═════ SUPPLIED RECORDS

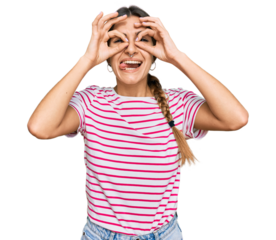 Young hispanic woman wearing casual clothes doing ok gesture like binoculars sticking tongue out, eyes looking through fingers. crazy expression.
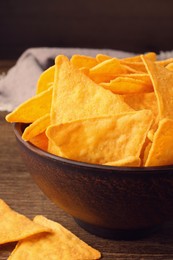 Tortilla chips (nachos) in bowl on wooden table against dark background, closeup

══════════
═════ SUPPLIED RECORDS

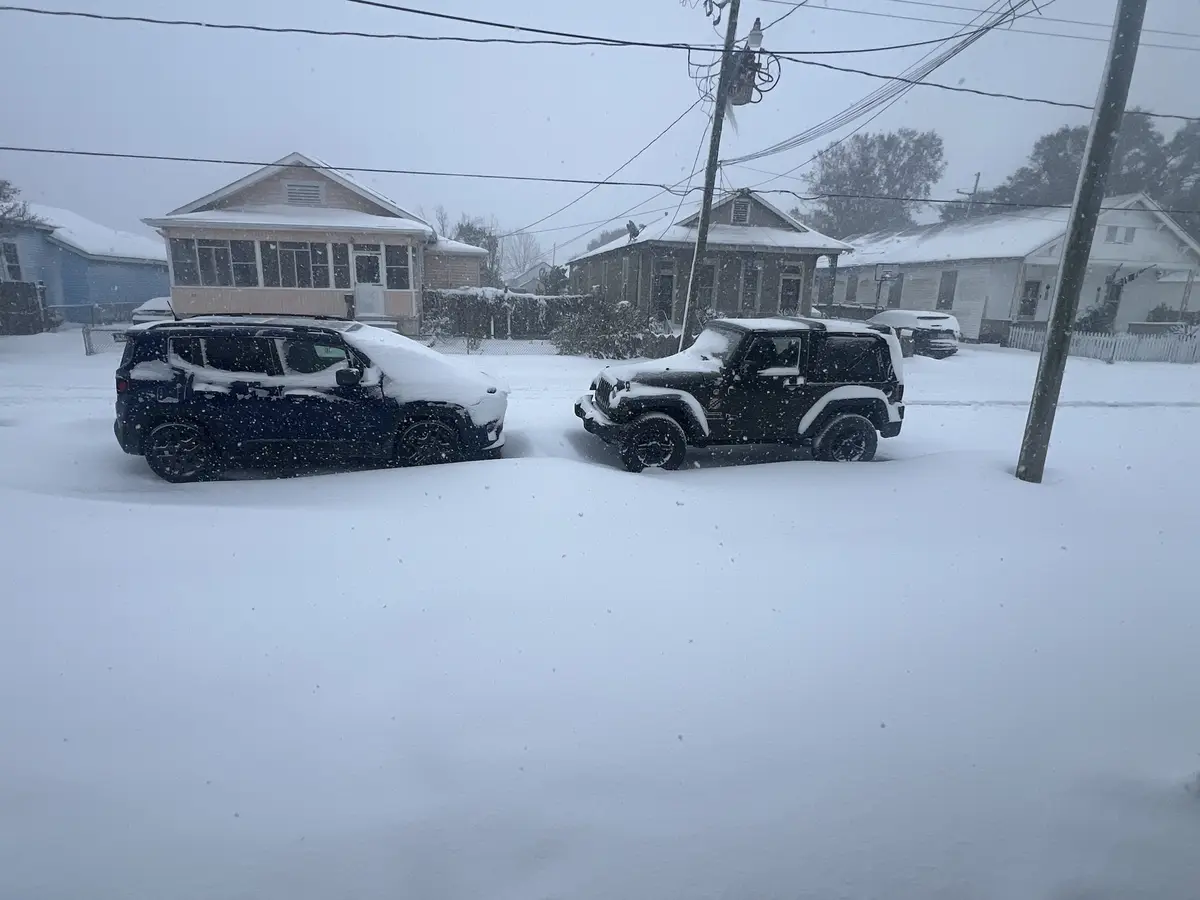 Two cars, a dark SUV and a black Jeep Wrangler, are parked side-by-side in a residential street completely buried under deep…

══════════
═════ SUPPLIED RECORDS

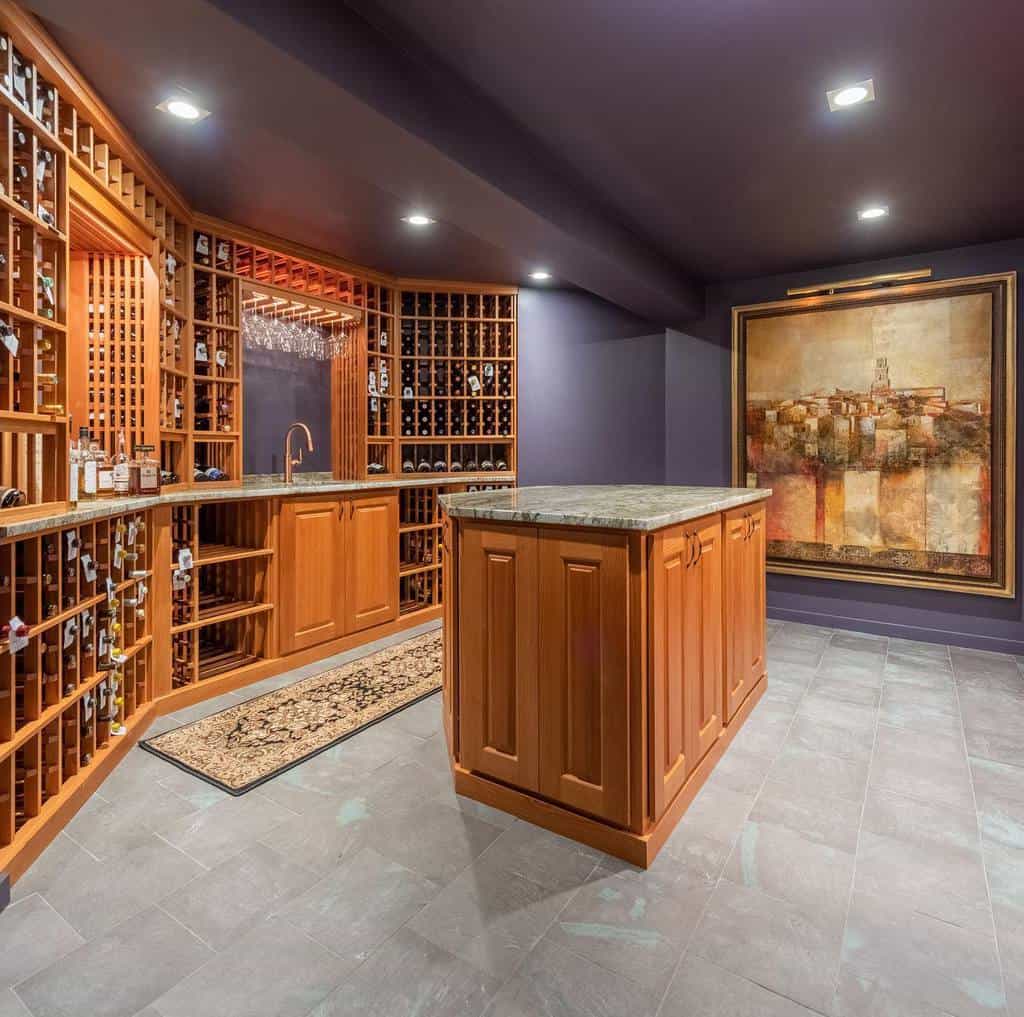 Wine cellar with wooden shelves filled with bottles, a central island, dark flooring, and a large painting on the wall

══════════

"Young hispanic woman" marks the first line to copy, and "Tortilla chips (nachos)" marks the last. Repeat that stretch above exactly, with no pictures.

 Young hispanic woman wearing casual clothes doing ok gesture like binoculars sticking tongue out, eyes looking through fingers. crazy expression.
 Tortilla chips (nachos) in bowl on wooden table against dark background, closeup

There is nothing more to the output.